Most utilities already have some form of communications network, entailing an internal and external voice system and a data system. Combining these systems into a fast and efficient system, usually using a fiber-optics network, is the goal of most utilities.
Utilities See Opportunities
Utilities are seeing an opportunity with deregulation on the horizon. By modernizing their communications network, they see the possibility to expand into new business ventures. “The predominant drivers for network upgrade include either a desire to achieve cost effectiveness in the running of their operations, or a desire to generate new sources of income through telecommunications deployment,” said Bill Foster, Nortel Networks director of marketing. “Because the core utility business is growing at a rate of less than two percent per annum, many utilities are looking for new sources of revenue.” Salt River Project (SRP) saw this opportunity to improve its network to provide better service and to generate new service capabilities.

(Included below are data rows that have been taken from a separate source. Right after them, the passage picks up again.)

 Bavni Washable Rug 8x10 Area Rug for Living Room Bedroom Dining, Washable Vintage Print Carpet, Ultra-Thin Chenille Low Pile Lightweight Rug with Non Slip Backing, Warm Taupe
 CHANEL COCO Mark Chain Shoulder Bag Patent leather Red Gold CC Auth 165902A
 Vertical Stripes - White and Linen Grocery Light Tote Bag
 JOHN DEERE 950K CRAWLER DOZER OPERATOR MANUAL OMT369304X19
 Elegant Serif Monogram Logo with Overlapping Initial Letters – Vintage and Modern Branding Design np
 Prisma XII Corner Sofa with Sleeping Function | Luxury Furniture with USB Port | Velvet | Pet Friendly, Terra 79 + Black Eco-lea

Even though SRP had installed fiber-optic cable between substations dating back to 1986, there were some inherent problems with the network. The network was configured in flat rings without alternate paths for route diversity. This singular approach left them open to service interruptions. A large part of the network was still served by leased circuits, microwave radio and copper cable. These deficiencies could have led to a lapse of substation supervision if a cable was cut.
One popular configuration for a communications network, combining voice and data, as well as electrical interface, is a modular, network ring approach. The modular approach provides configuration flexibility, expansion and provides ease of maintenance. It will also provide the option for communication over optical fiber as well as communication over a digital medium such as synchronous optical network (SONET) microwave radio or higher order OC-N SONET multiplexers. SONET is an internationally recognized standard facilitating interoperability and system growth.
The network is built in rings, ensuring redundancy that will prevent a fiber outage. In a typical network, the communications and power grid communications networks are intertwined to provide constant contact with all the networks and to efficiently leverage fiber capacity (see figure). Substations can be linked back to the operations building for supervisory control, while a separate ring supports corporate voice and data traffic. SRP developed a four-year plan to complete 300 miles of optical fiber which will ultimately connect over 150 69 kV substations.
For the communications backbone, two OC-48 bi-directional rings provide connectivity to SRP`s power operations building. The network is configured geographically into OC-48 east and OC-48 west rings so that SRP can efficiently leverage fiber capacity and support current and future growth. The 150 substations are linked by multiple OC-1 rings that are subtended back to the OC-48 backbone and the power operations building for supervisory control.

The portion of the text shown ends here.